Find "5pc Outdoor Dining" below and begin at its line; stop after the line with "2D Tier Papiermodell". Output those lines exactly, without pictures.

··· Dataset excerpts

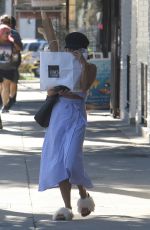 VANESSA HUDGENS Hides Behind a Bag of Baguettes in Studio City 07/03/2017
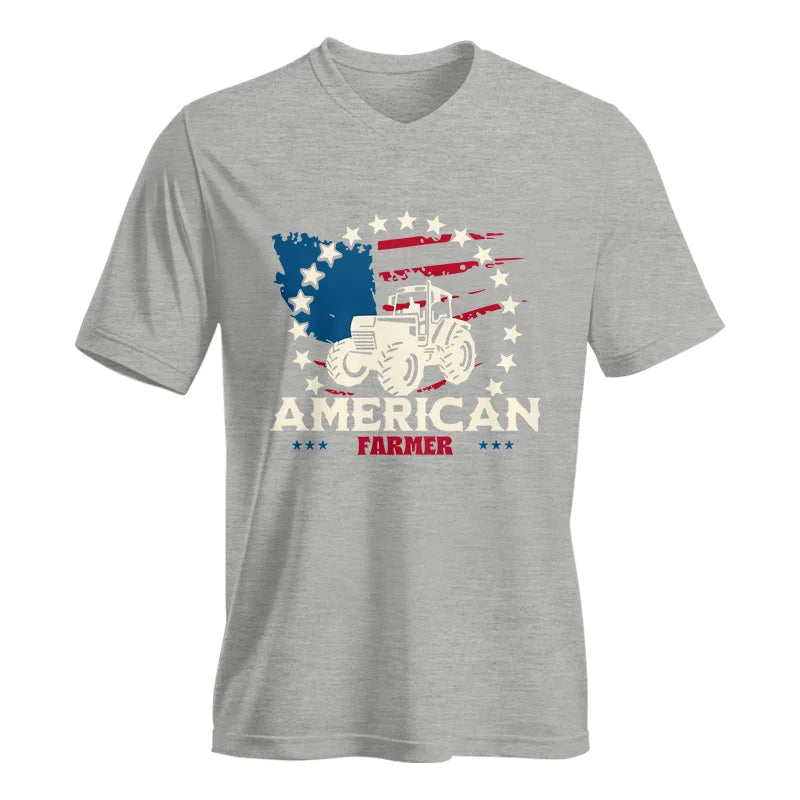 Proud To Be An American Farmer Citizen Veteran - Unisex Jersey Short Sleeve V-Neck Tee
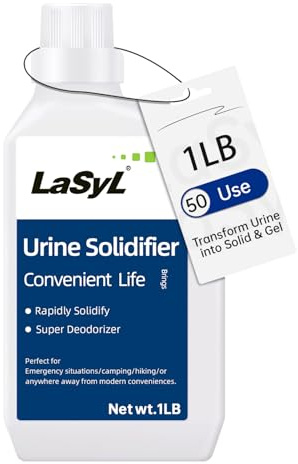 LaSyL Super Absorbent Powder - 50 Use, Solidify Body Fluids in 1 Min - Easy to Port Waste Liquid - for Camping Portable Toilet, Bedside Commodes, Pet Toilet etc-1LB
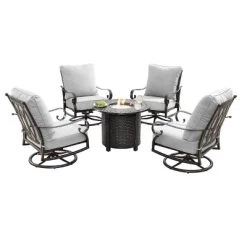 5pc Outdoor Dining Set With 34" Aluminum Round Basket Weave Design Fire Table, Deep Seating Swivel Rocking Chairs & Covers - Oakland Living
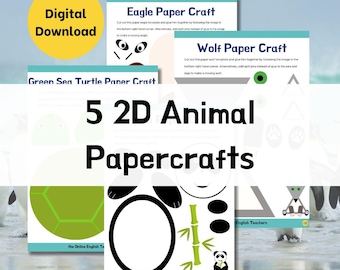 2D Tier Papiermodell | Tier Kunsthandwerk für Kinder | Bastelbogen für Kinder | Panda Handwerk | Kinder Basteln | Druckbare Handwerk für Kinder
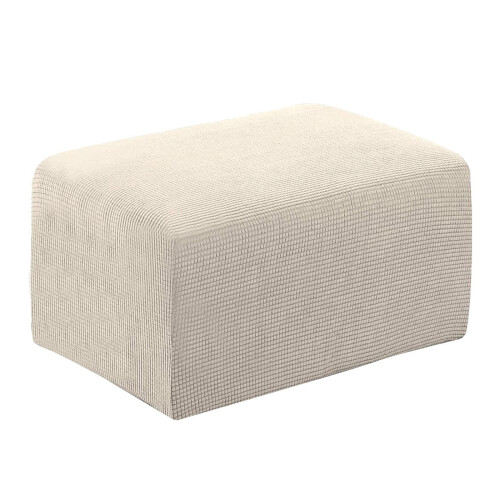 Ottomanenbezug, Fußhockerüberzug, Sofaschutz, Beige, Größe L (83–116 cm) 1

······

== The completed task ==
 5pc Outdoor Dining Set With 34" Aluminum Round Basket Weave Design Fire Table, Deep Seating Swivel Rocking Chairs & Covers - Oakland Living
 2D Tier Papiermodell | Tier Kunsthandwerk für Kinder | Bastelbogen für Kinder | Panda Handwerk | Kinder Basteln | Druckbare Handwerk für Kinder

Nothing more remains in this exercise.